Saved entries
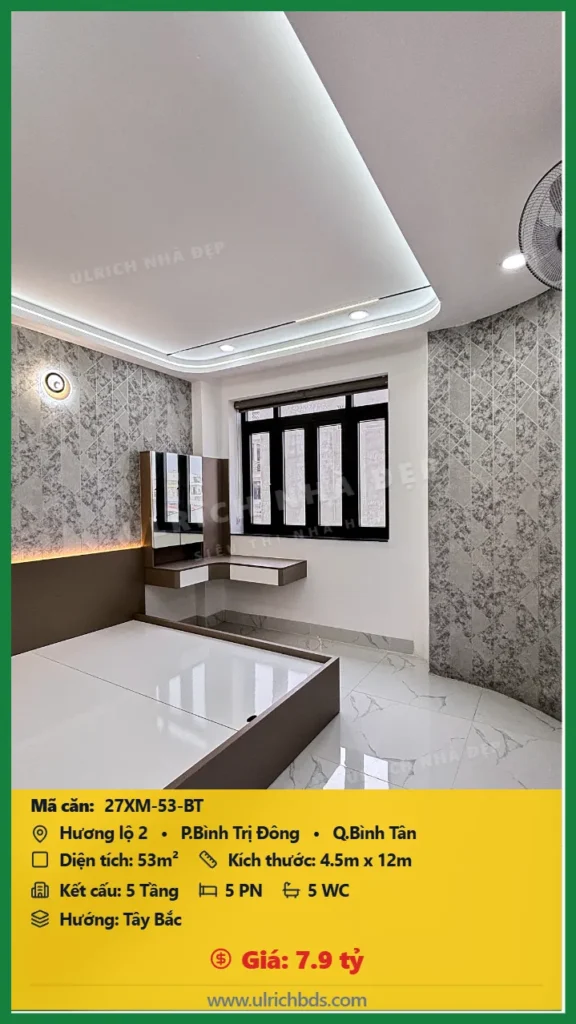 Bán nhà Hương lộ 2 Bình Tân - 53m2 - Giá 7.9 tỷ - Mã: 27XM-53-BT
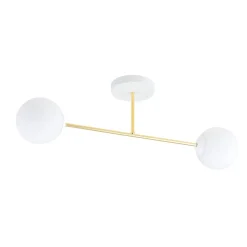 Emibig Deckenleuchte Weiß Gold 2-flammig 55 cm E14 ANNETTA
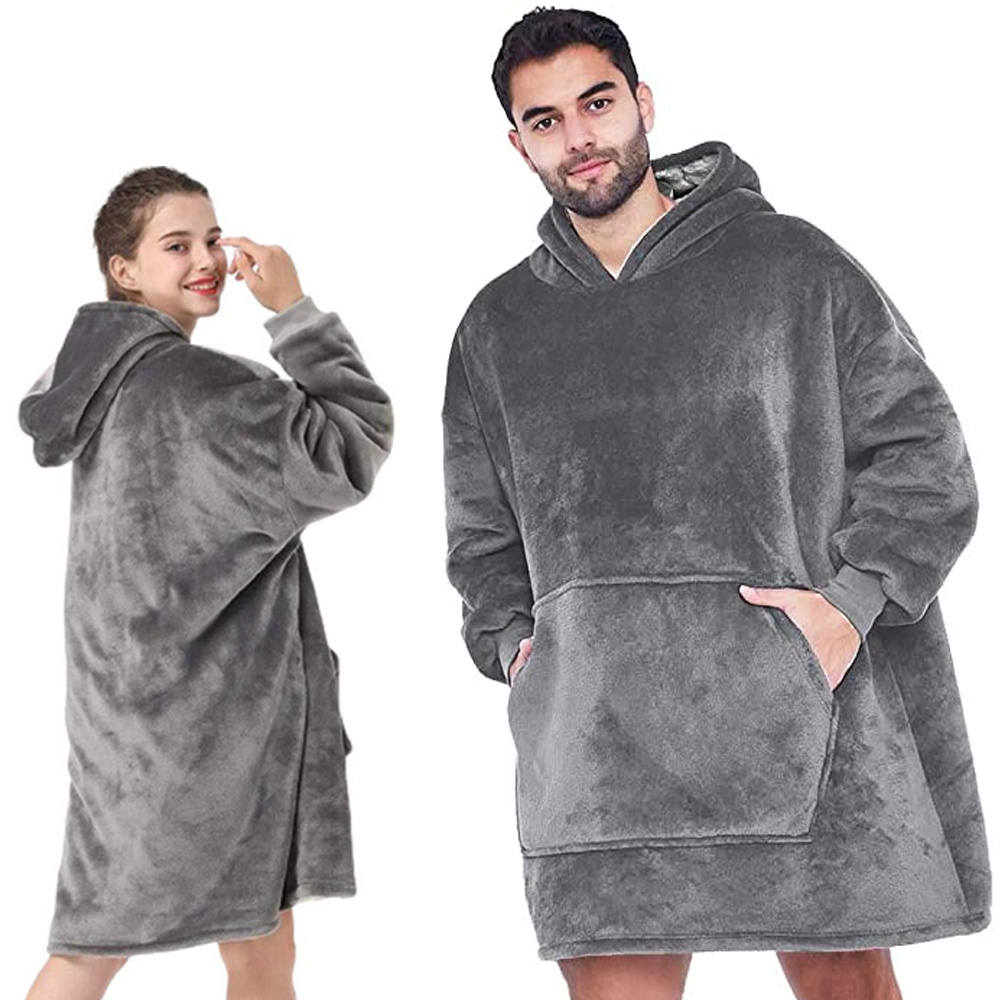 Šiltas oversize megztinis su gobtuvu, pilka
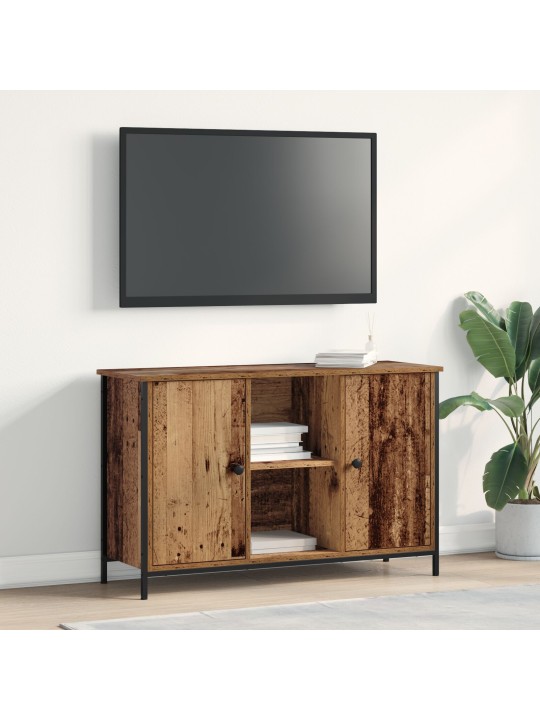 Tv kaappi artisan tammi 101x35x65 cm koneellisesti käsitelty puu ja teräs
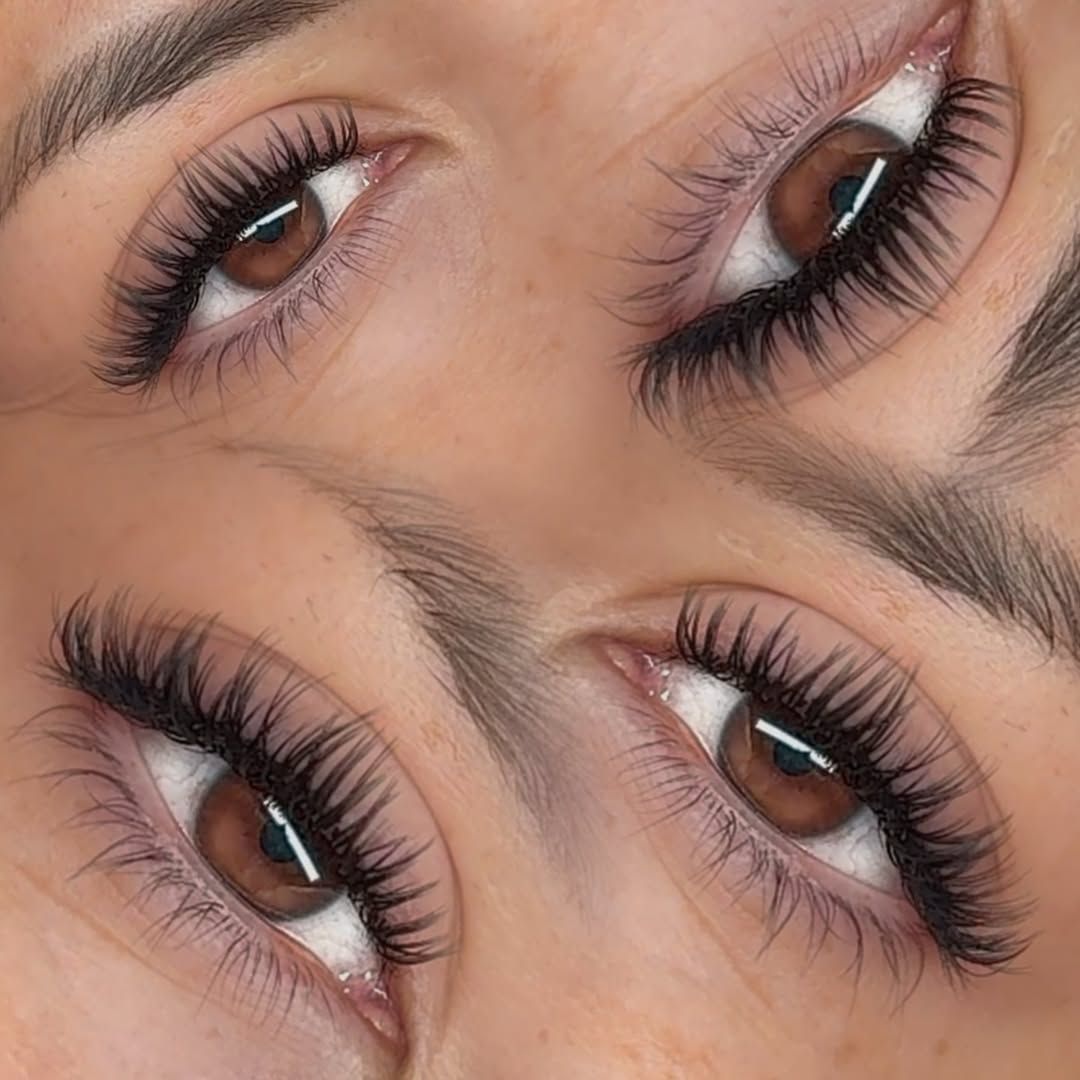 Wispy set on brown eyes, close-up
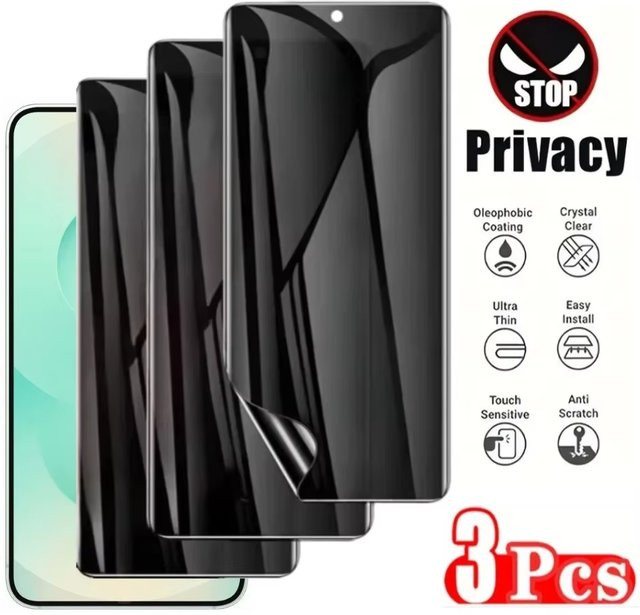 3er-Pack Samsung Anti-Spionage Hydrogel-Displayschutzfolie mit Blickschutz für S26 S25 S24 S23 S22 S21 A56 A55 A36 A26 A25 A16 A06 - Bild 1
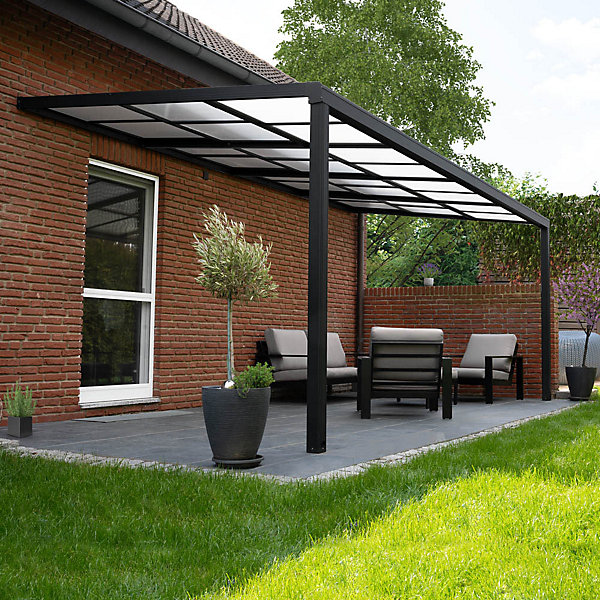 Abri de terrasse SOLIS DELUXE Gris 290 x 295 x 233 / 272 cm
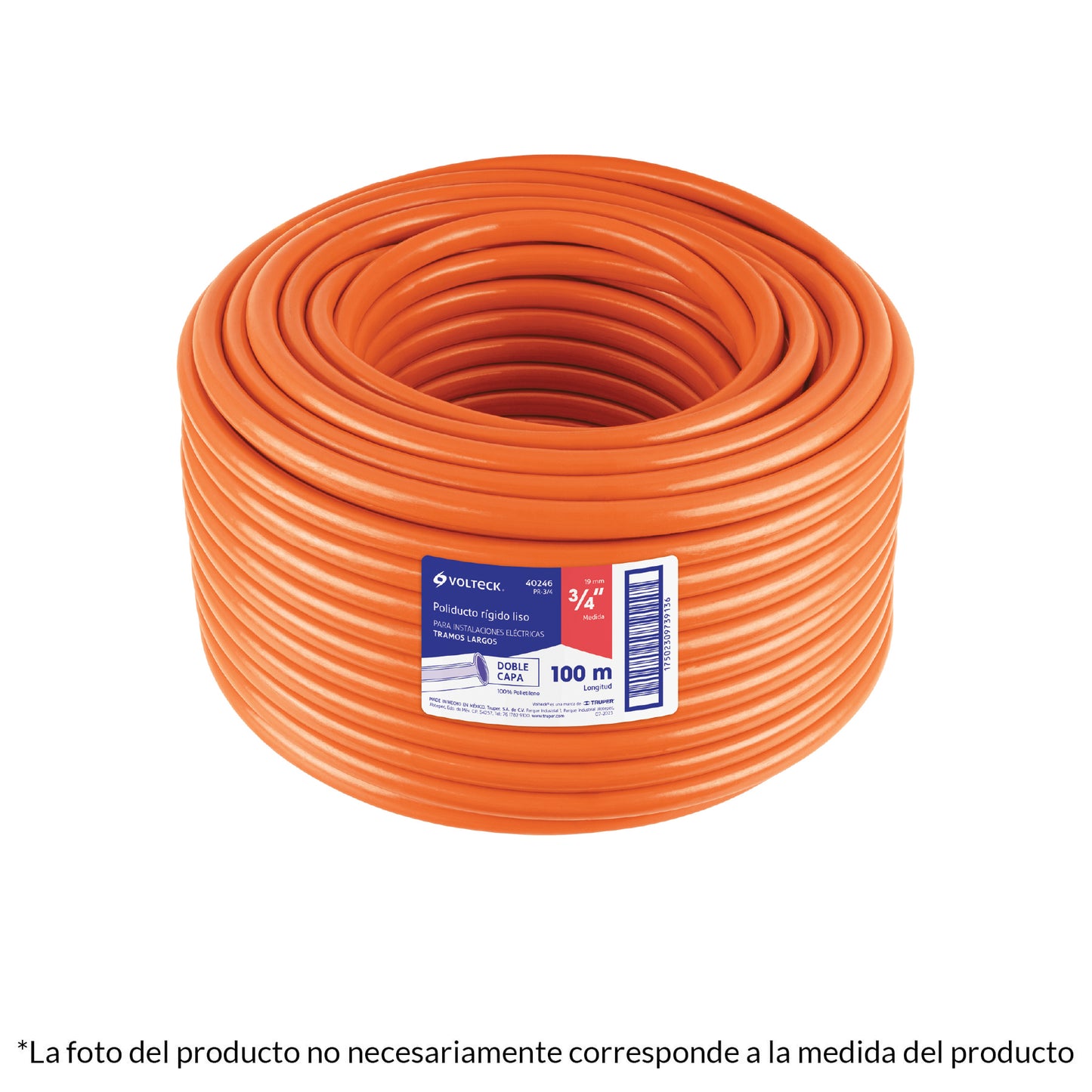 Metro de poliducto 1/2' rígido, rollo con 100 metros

→ **INSTRUCTIONS TO FOLLOW**: Reproduce only the lines from the line with "Wispy set on brown eyes, close-up" to the end of the entries. Keep both ends, copy them exactly, and omit every picture.

→ **EXPECTED ANSWER**:
 Wispy set on brown eyes, close-up
 3er-Pack Samsung Anti-Spionage Hydrogel-Displayschutzfolie mit Blickschutz für S26 S25 S24 S23 S22 S21 A56 A55 A36 A26 A25 A16 A06 - Bild 1
 Abri de terrasse SOLIS DELUXE Gris 290 x 295 x 233 / 272 cm
 Metro de poliducto 1/2' rígido, rollo con 100 metros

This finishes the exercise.